Video: CBSE Class X • Pack 5 • 2014 • Question 18

CBSE Class X • Pack 5 • 2014 • Question 18

04:02

Video Transcript

If the point 𝐴 at zero, two is equidistant from the points 𝐵 at three, 𝑝 and 𝐶 at 𝑝, five, find 𝑝, and then find the length of 𝐴𝐵.

We are told that the point 𝐴 is equidistant from points 𝐵 and 𝐶. We can therefore use the distance formula to create an equation in terms of 𝑝. The distance formula says that for two points 𝑥 one, 𝑦 one and 𝑥 two, 𝑦 two, the distance between them is found by the square root of the square of the differences between the 𝑥-coordinates plus the square of the differences between the 𝑦-coordinates.

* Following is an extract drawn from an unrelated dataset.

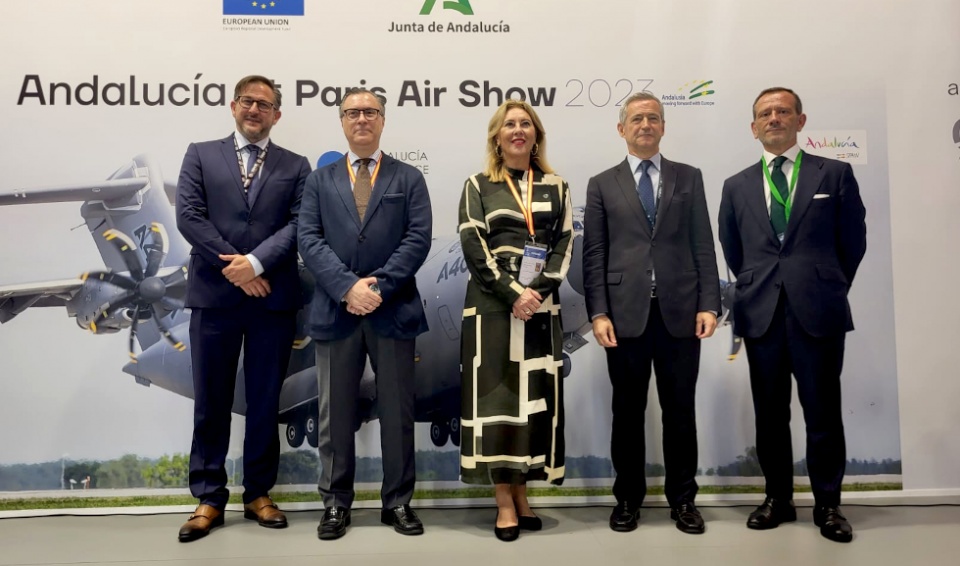La consejera de Econom&iacute;a en Par&iacute;s Air Show 2023.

Let’s begin by forming an expression for the length of the line segment 𝐴𝐵. Now it doesn’t really matter what we choose to be 𝑥 one, 𝑦 one and 𝑥 two, 𝑦 two as long as we’re consistent. In this case, choosing 𝐴 to be 𝑥 one, 𝑦 one and 𝐵 to be 𝑥 two, 𝑦 two gives us that the length or the distance between them is the square root of three minus zero squared plus 𝑝 minus two squared. Three minus zero squared is nine. So we get that the length 𝐴𝐵 is the square root of nine plus 𝑝 minus two squared.

We’ll repeat this process for the length of the line segment 𝐴𝐶. That gives us the square root of 𝑝 minus zero squared plus five minus two squared. 𝑝 minus zero squared is simply 𝑝 squared. And five minus two squared is three squared which is nine. So the length of the line segment 𝐴𝐶 is the square root of 𝑝 squared plus nine.

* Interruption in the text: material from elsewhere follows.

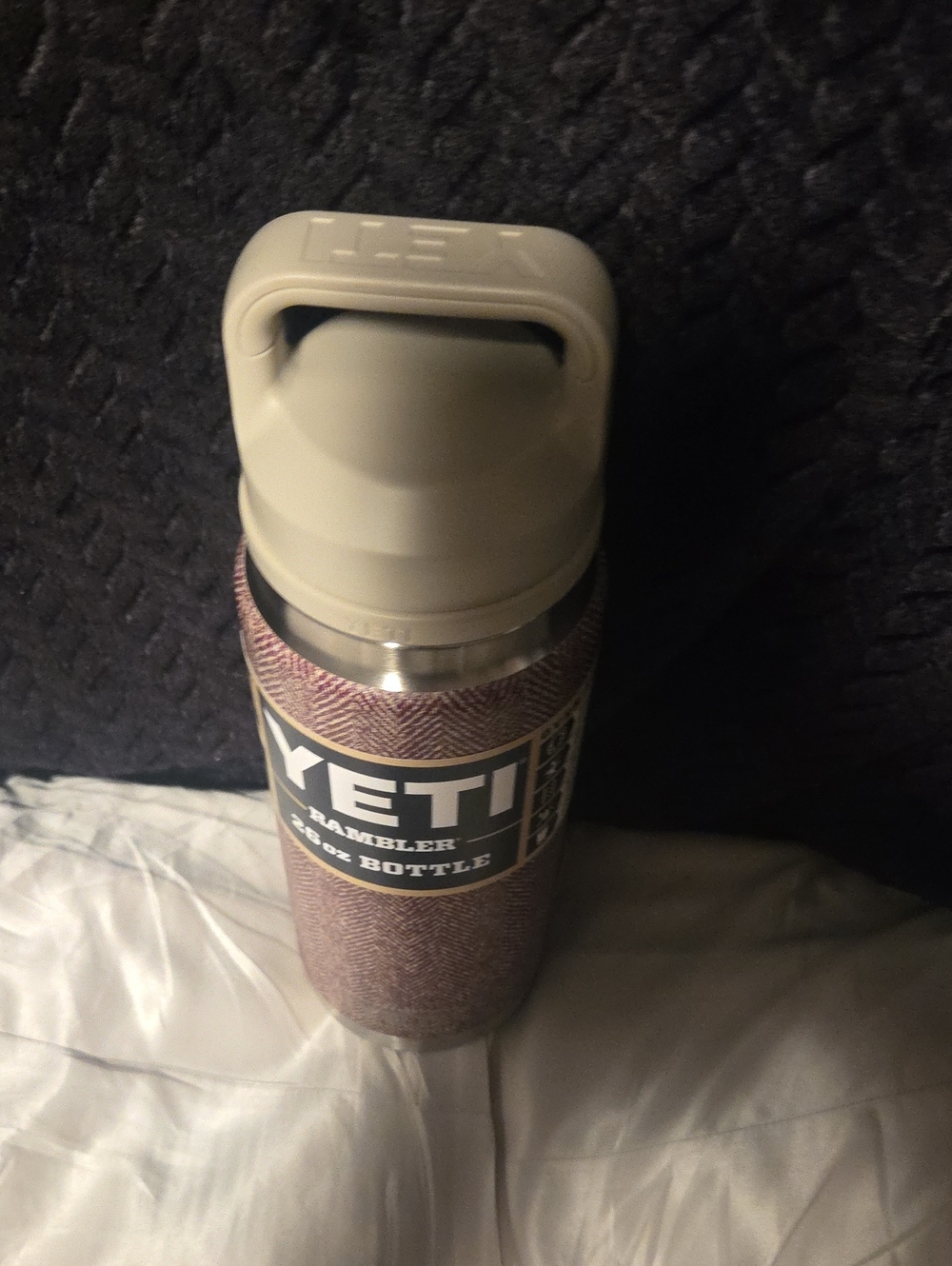 YETI Rambler Bottle - Picture 6 of 8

Since 𝐴𝐵 and 𝐴𝐶 are equidistant, this means that 𝐴𝐵 and 𝐴𝐶 are of equal length. We can therefore equate these two expressions to get an equation in terms of 𝑝. We can first find the square of both sides to get nine plus 𝑝 minus two all squared equals 𝑝 squared plus nine. We can then subtract nine from both sides. And we get 𝑝 minus two all squared equals 𝑝 squared. We’ll need to expand these brackets before we go any further.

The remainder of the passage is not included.